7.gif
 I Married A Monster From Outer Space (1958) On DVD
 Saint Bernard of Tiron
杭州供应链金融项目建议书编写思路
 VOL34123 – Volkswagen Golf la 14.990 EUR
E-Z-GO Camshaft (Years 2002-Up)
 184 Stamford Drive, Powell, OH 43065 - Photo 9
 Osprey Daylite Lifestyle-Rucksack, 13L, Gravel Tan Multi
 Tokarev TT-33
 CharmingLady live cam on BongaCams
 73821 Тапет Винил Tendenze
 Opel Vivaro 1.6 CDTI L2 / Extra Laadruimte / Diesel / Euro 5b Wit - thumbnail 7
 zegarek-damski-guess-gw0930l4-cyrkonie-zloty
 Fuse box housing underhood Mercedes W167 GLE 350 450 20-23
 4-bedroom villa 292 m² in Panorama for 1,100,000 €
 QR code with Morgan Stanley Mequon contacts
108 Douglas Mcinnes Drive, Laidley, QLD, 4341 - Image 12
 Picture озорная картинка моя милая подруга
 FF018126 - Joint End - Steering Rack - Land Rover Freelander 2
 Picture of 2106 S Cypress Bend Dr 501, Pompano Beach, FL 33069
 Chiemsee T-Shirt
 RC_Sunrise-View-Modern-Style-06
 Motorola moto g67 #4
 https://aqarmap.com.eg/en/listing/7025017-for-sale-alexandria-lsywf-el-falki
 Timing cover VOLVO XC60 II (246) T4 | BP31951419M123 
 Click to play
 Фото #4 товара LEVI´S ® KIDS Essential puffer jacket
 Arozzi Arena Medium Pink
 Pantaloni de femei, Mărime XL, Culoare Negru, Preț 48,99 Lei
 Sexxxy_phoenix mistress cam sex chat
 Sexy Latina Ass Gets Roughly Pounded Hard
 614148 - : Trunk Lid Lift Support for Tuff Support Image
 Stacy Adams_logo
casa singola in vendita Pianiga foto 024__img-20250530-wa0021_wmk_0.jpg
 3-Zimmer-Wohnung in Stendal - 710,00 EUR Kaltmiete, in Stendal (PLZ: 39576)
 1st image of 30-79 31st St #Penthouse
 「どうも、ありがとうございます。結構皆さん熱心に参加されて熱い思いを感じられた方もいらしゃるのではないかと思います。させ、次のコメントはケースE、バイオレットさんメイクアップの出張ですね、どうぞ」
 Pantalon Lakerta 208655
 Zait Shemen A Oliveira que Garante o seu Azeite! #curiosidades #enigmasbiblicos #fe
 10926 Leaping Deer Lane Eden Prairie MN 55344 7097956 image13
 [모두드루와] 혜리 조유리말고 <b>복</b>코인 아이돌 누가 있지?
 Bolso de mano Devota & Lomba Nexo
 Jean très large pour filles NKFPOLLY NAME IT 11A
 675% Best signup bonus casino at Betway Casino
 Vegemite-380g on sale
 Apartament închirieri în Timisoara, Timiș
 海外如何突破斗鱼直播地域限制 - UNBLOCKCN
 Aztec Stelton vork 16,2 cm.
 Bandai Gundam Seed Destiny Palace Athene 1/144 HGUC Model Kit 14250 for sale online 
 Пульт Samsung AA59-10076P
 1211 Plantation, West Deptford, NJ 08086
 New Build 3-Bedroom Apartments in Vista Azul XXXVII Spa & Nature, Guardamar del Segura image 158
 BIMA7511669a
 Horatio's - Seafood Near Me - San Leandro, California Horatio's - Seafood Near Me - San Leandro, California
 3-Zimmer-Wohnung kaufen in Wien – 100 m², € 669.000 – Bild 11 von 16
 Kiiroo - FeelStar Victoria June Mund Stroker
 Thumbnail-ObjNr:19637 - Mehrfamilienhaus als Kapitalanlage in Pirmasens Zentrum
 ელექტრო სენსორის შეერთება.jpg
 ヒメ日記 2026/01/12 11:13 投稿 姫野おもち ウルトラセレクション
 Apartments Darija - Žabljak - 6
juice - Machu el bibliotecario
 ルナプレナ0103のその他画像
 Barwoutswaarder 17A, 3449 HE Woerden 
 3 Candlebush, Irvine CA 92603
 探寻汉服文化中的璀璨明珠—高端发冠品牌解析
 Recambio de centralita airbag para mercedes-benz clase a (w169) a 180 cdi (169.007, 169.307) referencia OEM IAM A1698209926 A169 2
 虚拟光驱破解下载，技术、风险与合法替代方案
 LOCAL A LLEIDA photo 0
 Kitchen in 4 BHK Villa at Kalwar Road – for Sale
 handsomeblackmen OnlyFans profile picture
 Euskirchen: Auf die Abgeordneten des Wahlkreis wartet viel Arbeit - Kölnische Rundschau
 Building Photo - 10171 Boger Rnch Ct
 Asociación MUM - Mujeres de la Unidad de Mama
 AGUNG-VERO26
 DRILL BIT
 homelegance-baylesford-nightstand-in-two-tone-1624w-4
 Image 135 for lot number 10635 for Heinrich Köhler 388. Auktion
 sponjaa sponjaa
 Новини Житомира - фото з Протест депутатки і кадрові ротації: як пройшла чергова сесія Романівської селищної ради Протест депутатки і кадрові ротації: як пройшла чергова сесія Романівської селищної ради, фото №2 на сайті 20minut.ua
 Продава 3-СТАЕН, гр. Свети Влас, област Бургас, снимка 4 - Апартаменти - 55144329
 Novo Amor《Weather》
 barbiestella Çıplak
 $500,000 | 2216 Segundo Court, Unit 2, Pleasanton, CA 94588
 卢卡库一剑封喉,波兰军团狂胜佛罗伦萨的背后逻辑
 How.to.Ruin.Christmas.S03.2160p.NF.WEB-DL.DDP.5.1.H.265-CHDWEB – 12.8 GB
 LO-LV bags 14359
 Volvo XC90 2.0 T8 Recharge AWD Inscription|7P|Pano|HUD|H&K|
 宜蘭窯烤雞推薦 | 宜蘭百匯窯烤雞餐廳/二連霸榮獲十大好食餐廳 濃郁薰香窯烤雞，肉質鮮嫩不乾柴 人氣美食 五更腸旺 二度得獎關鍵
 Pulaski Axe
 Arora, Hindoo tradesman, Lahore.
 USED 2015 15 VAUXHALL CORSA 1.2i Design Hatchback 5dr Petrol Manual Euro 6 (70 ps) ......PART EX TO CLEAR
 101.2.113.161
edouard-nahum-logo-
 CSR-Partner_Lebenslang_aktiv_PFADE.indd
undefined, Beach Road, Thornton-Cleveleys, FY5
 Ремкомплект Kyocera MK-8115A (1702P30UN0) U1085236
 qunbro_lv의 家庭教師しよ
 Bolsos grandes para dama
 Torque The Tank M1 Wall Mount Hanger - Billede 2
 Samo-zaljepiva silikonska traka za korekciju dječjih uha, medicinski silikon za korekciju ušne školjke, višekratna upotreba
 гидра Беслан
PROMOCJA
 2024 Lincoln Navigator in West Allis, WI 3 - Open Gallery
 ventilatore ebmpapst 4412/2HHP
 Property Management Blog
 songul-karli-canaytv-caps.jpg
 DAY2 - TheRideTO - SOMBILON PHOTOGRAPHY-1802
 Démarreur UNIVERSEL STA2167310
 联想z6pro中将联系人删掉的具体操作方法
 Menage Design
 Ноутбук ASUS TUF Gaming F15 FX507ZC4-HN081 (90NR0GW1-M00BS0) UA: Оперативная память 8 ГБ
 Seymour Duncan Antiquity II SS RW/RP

### Your instructions
Return a word-for-word copy of the lines from the beginning of the listing to the line holding "Pantalon Lakerta 208655", both kept.

### Exercise output
7.gif
 I Married A Monster From Outer Space (1958) On DVD
 Saint Bernard of Tiron
杭州供应链金融项目建议书编写思路
 VOL34123 – Volkswagen Golf la 14.990 EUR
E-Z-GO Camshaft (Years 2002-Up)
 184 Stamford Drive, Powell, OH 43065 - Photo 9
 Osprey Daylite Lifestyle-Rucksack, 13L, Gravel Tan Multi
 Tokarev TT-33
 CharmingLady live cam on BongaCams
 73821 Тапет Винил Tendenze
 Opel Vivaro 1.6 CDTI L2 / Extra Laadruimte / Diesel / Euro 5b Wit - thumbnail 7
 zegarek-damski-guess-gw0930l4-cyrkonie-zloty
 Fuse box housing underhood Mercedes W167 GLE 350 450 20-23
 4-bedroom villa 292 m² in Panorama for 1,100,000 €
 QR code with Morgan Stanley Mequon contacts
108 Douglas Mcinnes Drive, Laidley, QLD, 4341 - Image 12
 Picture озорная картинка моя милая подруга
 FF018126 - Joint End - Steering Rack - Land Rover Freelander 2
 Picture of 2106 S Cypress Bend Dr 501, Pompano Beach, FL 33069
 Chiemsee T-Shirt
 RC_Sunrise-View-Modern-Style-06
 Motorola moto g67 #4
 https://aqarmap.com.eg/en/listing/7025017-for-sale-alexandria-lsywf-el-falki
 Timing cover VOLVO XC60 II (246) T4 | BP31951419M123 
 Click to play
 Фото #4 товара LEVI´S ® KIDS Essential puffer jacket
 Arozzi Arena Medium Pink
 Pantaloni de femei, Mărime XL, Culoare Negru, Preț 48,99 Lei
 Sexxxy_phoenix mistress cam sex chat
 Sexy Latina Ass Gets Roughly Pounded Hard
 614148 - : Trunk Lid Lift Support for Tuff Support Image
 Stacy Adams_logo
casa singola in vendita Pianiga foto 024__img-20250530-wa0021_wmk_0.jpg
 3-Zimmer-Wohnung in Stendal - 710,00 EUR Kaltmiete, in Stendal (PLZ: 39576)
 1st image of 30-79 31st St #Penthouse
 「どうも、ありがとうございます。結構皆さん熱心に参加されて熱い思いを感じられた方もいらしゃるのではないかと思います。させ、次のコメントはケースE、バイオレットさんメイクアップの出張ですね、どうぞ」
 Pantalon Lakerta 208655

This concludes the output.